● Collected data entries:
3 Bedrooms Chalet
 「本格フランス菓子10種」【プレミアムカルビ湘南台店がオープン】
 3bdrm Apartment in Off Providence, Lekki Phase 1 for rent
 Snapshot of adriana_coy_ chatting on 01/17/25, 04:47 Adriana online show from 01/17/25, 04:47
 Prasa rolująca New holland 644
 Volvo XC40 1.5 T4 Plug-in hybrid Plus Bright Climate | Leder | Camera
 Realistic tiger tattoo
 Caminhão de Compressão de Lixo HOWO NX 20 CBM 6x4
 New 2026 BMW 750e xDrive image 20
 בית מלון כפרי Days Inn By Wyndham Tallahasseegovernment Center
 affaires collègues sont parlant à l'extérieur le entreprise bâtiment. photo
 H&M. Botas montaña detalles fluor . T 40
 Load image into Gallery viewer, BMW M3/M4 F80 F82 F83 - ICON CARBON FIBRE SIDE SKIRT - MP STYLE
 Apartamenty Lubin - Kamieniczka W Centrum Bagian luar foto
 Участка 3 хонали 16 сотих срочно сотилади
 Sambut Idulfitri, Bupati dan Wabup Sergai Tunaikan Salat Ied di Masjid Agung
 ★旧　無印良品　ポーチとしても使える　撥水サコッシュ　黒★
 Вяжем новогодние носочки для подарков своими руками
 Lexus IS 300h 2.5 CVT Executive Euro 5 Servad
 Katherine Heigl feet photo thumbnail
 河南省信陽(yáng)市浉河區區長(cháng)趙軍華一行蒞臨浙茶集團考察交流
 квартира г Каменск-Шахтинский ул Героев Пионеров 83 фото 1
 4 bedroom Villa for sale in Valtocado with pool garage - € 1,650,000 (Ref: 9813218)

● REQUIRED WORK:
Repeat exactly, and only, the lines from the line containing "Вяжем новогодние носочки" through the last line of the records above, both included.

● THE ANSWER:
 Вяжем новогодние носочки для подарков своими руками
 Lexus IS 300h 2.5 CVT Executive Euro 5 Servad
 Katherine Heigl feet photo thumbnail
 河南省信陽(yáng)市浉河區區長(cháng)趙軍華一行蒞臨浙茶集團考察交流
 квартира г Каменск-Шахтинский ул Героев Пионеров 83 фото 1
 4 bedroom Villa for sale in Valtocado with pool garage - € 1,650,000 (Ref: 9813218)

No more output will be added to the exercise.